I’m talking about his demeanor, his attitude, his presence, and his persona.

Aaron Judge—the most exciting Bronx Bomber rookie to come along since Derek Jeter—is an exemplar of HUMILITY.

Recently, when asked by a reporter if he might still be sent back to the minor leagues (a tongue-in-cheek question), Judge said, “I might.”

He went on to say that in his phone “Notes,” at the top so he sees it daily, is this:


That was his less-than-mediocre batting average for the two months he played in the majors in late 2016.

A simple reminder of his humanness, no matter how many records he breaks or Sports Illustrated covers he graces in 2017.

New York Yankee manager, Joe Gerardi, stated that the characteristic of a great person is HUMILITY. We agree with that sentiment at QBQ, Inc. so much, we’ve written about HUMILITYa lot.

The QBQ! book:

“Humility is the cornerstone of leadership.”

The Outstanding! book:

“After making the big sale, delivering the project on time, launching a winning product, or landing a promotion, it can be seriously hard to show humility. Yet that’s what we find in outstanding organizations and see in outstanding people.”

The Raising Accountable Kids book:

“Humility and contrition are foundational to effective parenting, and it’s simply vital that we bring them to our families. A little ‘I’m sorry, I was wrong. I don’t know everything!’ goes a long way.”

The Flipping the Switch book:

“Encouraging the heart is a rare skill and a powerful form of service. Both at work and at home, we demonstrate humility and serve others by asking The Question Behind the Question (QBQ), ’What can I do right now to help another succeed?’”

The QBQ! Workbook

In our newest product, we have this practical application exercise:

“Name three people—friends, family, colleagues, public figures, professional athletes, celebrities—who you believe demonstrate humility.”

Hmm, would a humble person put his or her own name on that list? 🙂

Our human hunger for HUMILITY never ceases to amaze me. Over and over again, when superstars in sports, entertainment, business, and politics present themselves in a humble, contrite, and self-effacing manner, we are impressed.

And caught off-guard.

But when we experience HUMILITY, it seems to make us feel all “warm and fuzzy” inside.

And there’s simply nothing wrong with that!

Now, let’s do a practical application/discussion exercise right here:

Name something a humble person says and/or does as a matter of habit?

Comment away!


23 Responses

  1. People with “Humility” recognize those around them. The role they play, the service they provide or the friendship they share. They say “THANK YOU”! Not specifically for their Role, Service or Friendship but rather for their presence and support. Because with out others in the arena with us we are alone. Humility just might be the ability to recognize how much others support, encourage and create success around us. Rather than accepting credit they thank those that made it possible.

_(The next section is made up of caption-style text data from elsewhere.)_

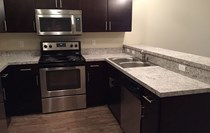 Photo of LynCourt Square Apartments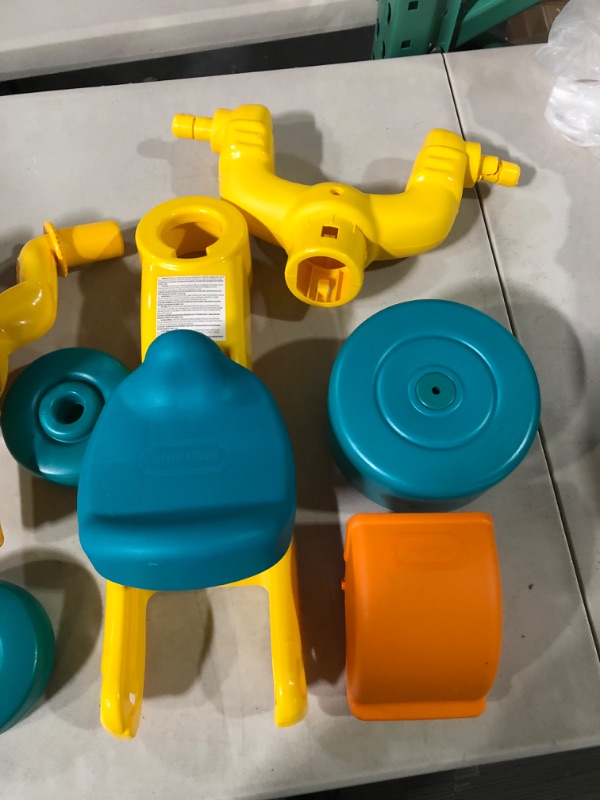 Photo 1 of *USED/DAMAGED** Little Tikes Go and Grow Lil' Rollin' Giraffe 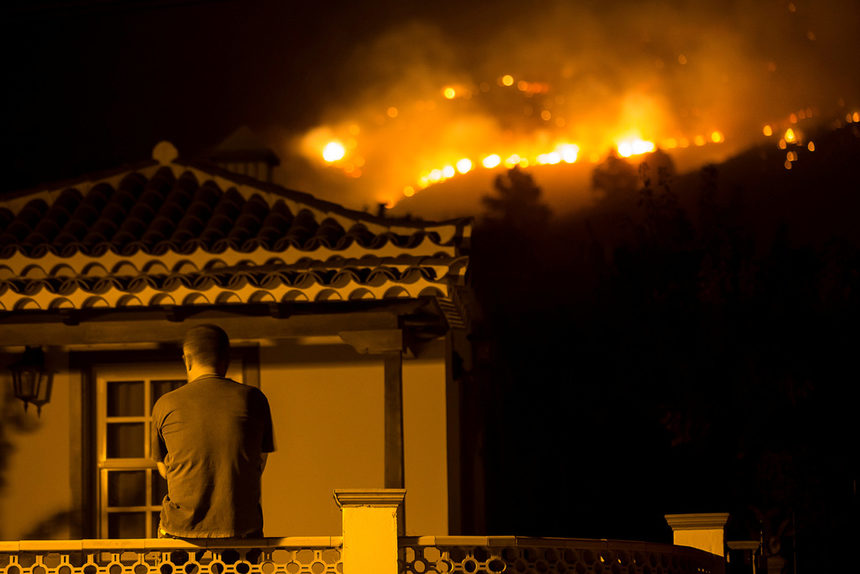 Горски пожари са избухнали в сряда на остров Палма, който е част от групата на Канарските острови.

  2. Looks for the compliment rather than the complaint. Our social media crazed world is so apt to throw folks under the bus rather than look for the good in others. It would be so refreshing to see folks “share the good” they see others doing.

  3. People with humility have the ability to recognize the hand of God in All things and to recognize that without the hand of God in their lives they wouldn’t be where they are in life. People with humility also recognize the goodness and ability in others and express appreciation for their skills, work, talents and the good things they bring to their team, family, and friends. Thank you and appreciate your support of those with Humility!

  4. I have always been told that humility is not thinking less of yourself, it’s thinking of yourself less. I’ve used that definition a lot. Keeping God first – loving HIM and others – is always the key components of humility.